TASK INSTRUCTIONS:
Within the records that follow, determine how many lines include the word "Size". State the number and nothing further.

Short web captions:
▬▬▬▬▬▬

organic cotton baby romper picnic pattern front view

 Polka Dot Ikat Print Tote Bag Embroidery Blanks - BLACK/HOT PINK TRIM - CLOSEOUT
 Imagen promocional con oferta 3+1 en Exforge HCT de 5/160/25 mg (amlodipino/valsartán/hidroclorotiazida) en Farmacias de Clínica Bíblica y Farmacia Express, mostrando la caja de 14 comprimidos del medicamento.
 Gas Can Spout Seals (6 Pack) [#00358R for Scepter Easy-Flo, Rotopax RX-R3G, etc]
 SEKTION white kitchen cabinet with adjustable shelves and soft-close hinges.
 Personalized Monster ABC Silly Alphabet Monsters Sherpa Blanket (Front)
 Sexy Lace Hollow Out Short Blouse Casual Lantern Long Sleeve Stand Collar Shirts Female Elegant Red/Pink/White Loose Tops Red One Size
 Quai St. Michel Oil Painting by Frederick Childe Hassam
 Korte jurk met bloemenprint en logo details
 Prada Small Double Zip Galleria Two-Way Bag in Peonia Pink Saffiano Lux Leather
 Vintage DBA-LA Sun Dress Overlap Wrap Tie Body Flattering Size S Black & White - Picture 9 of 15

▬▬▬▬▬▬

ANSWER BELOW:
2